Frank Ridgeway was exhausted. It had been a long, tiring day. First he had to teach his English Lit classes to bored tenth graders who couldn’t have cared less about Wordsworth or Shelley or Keats. Then he had to sit through a faculty meeting, listening to his fellow teachers yammer on about matters he didn’t give a damn about. Once, he had approached his teaching career with enthusiasm, but those days were long past. He was burned out. He was counting the years till he was eligible for a pension, and there were far too many of them.

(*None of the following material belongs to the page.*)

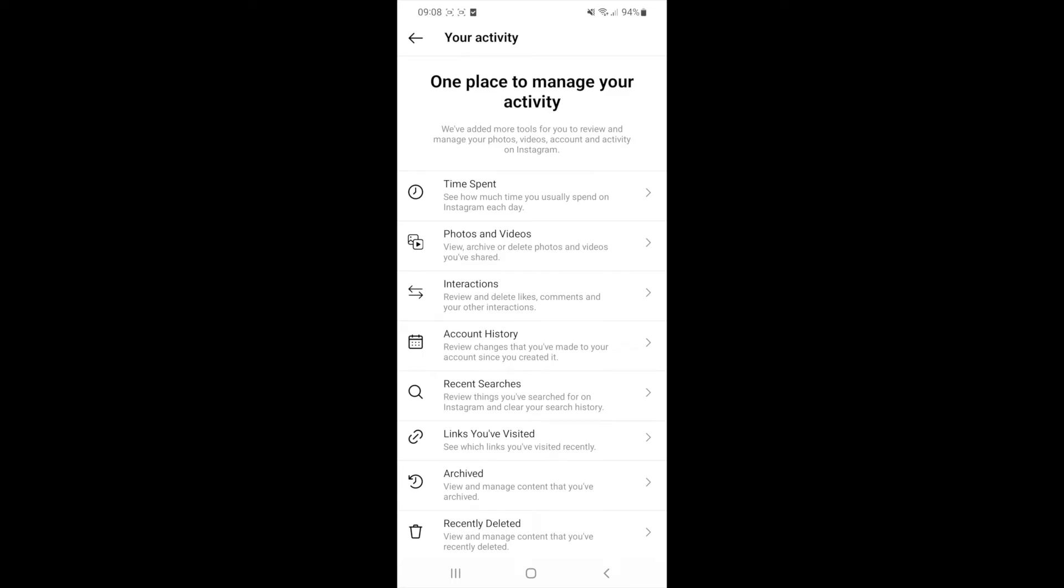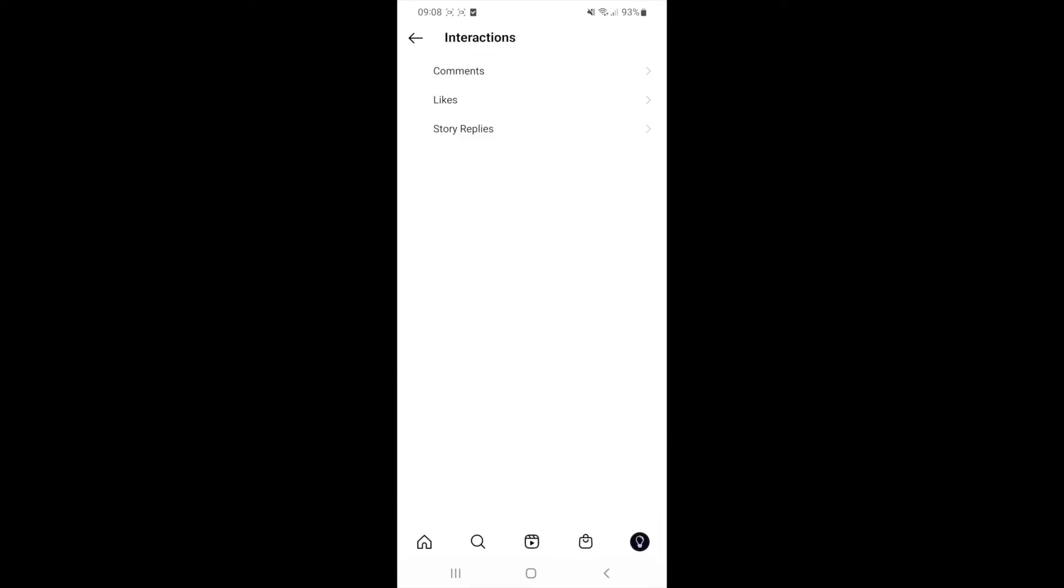Once you select your activity, as you can see, there will be an option for interactions. If you click on this, it will bring up all of your interactions.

The faculty meeting had made him late getting home. He was just in time to catch the end of the network evening news broadcast. He turned on the television and took off his overcoat. He was loosening his tie, only half paying attention to the TV, when he heard the anchorman say, “Finally tonight, we have a story of a rock and roll resurrection. Legendary Sixties rock and roll star Eddie Wilson, thought to have died in an automobile accident twenty years ago, reappeared last week at the Montreal Spring Music Festival. Reliable sources confirm that the singer and guitar player fronting a band called Rock Solid is, indeed, Eddie Wilson. Wilson has been calling himself Joe West and supporting himself as a construction worker in Canada.” The report was accompanied by video of Rock Solid performing at the music festival.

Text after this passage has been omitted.